Problem requirements ▸ Output the line that contains "Beija Bohemian Garden Vinyl Table Placemat" together with each line after it, through the final line of the listing below, word for word; omit pictures.

<<<<

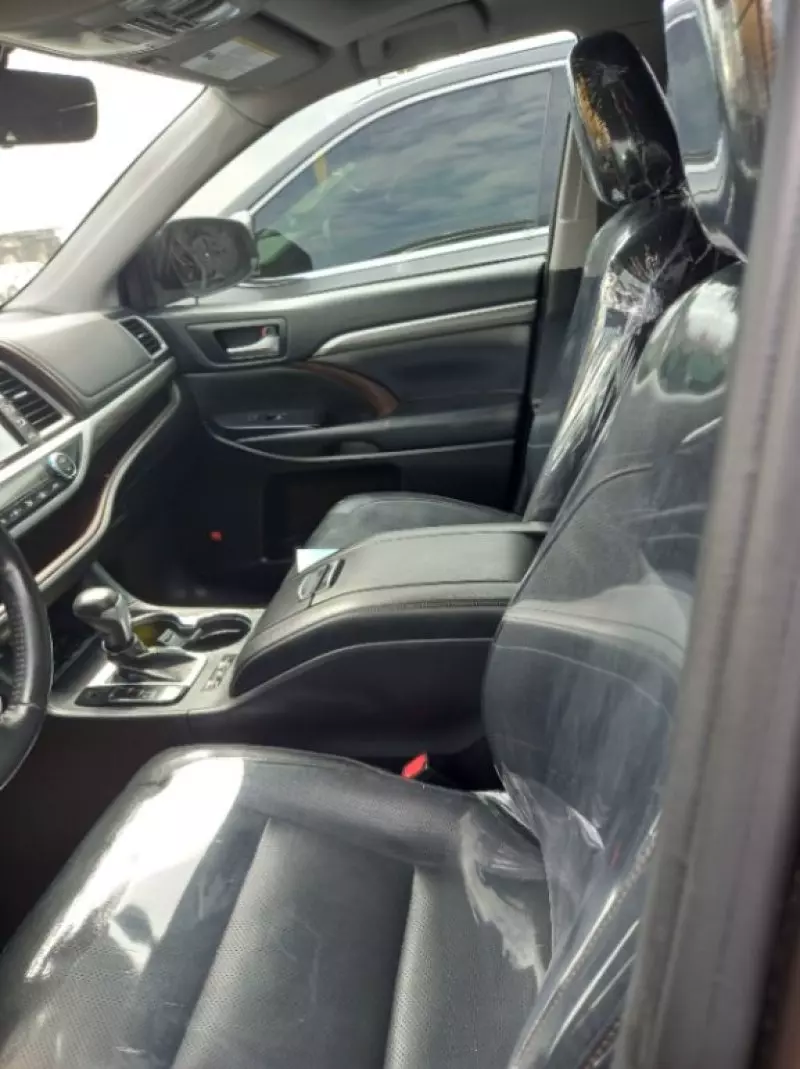 Toyota Highlander   - 2018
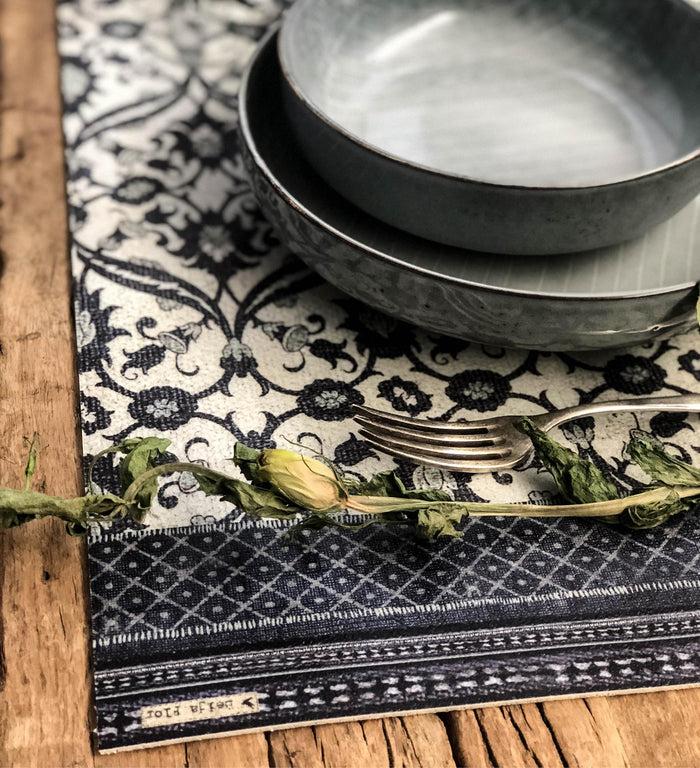 Beija Bohemian Garden Vinyl Table Placemat
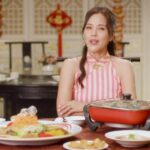 Zoe Tay Instagram – 🧧🏮🐉🐉🐉🏮🧧
龙年要到啦！盆菜绝对是必吃的贺年吉祥菜。
团圆饭一定要讲究，吉祥又丰盛美味。想要和家人聚餐，不需要去订餐厅，只需订购YummyFood推出的品珍招牌盆菜，方便又省时，在家也可以和家人一起享用新鲜丰盛的团年饭。

只要淋上高汤，再开电煮15分钟就能享用！快速且无忧！
盆菜内含有高达18种特选食材，使用新鲜优质食材烹制，每一口都是鲜美滋味！ 

新春早鸟特价优惠至到 2月6日，请务必提前三天预订！
购买盆菜，还附送【极品鲍翅】，电炉与保温袋！

赶紧预订您的盆菜，用矜贵佳肴与亲朋好友迎接龙年的到来！
www.yummyfood.com.sg 
热线: 6741 5588

@yummyfood_sg 
@the_celebrityagency 
#快过年了🐉🧧
#吃盆菜象征合家团圆 🍲
#这盆菜真的是太太太太好吃了不骗你✌🏻
#一家吃盆菜实在好方便
#货真价实👍 
#团圆饭❤️ 

#ZoeTay #鄭惠玉 #惠声玉影  #佐伊の語 Singapore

>>>>

Exercise result ▸
 Beija Bohemian Garden Vinyl Table Placemat
 Zoe Tay Instagram – 🧧🏮🐉🐉🐉🏮🧧
龙年要到啦！盆菜绝对是必吃的贺年吉祥菜。
团圆饭一定要讲究，吉祥又丰盛美味。想要和家人聚餐，不需要去订餐厅，只需订购YummyFood推出的品珍招牌盆菜，方便又省时，在家也可以和家人一起享用新鲜丰盛的团年饭。

只要淋上高汤，再开电煮15分钟就能享用！快速且无忧！
盆菜内含有高达18种特选食材，使用新鲜优质食材烹制，每一口都是鲜美滋味！ 

新春早鸟特价优惠至到 2月6日，请务必提前三天预订！
购买盆菜，还附送【极品鲍翅】，电炉与保温袋！

赶紧预订您的盆菜，用矜贵佳肴与亲朋好友迎接龙年的到来！
www.yummyfood.com.sg 
热线: 6741 5588

@yummyfood_sg 
@the_celebrityagency 
#快过年了🐉🧧
#吃盆菜象征合家团圆 🍲
#这盆菜真的是太太太太好吃了不骗你✌🏻
#一家吃盆菜实在好方便
#货真价实👍 
#团圆饭❤️ 

#ZoeTay #鄭惠玉 #惠声玉影  #佐伊の語 Singapore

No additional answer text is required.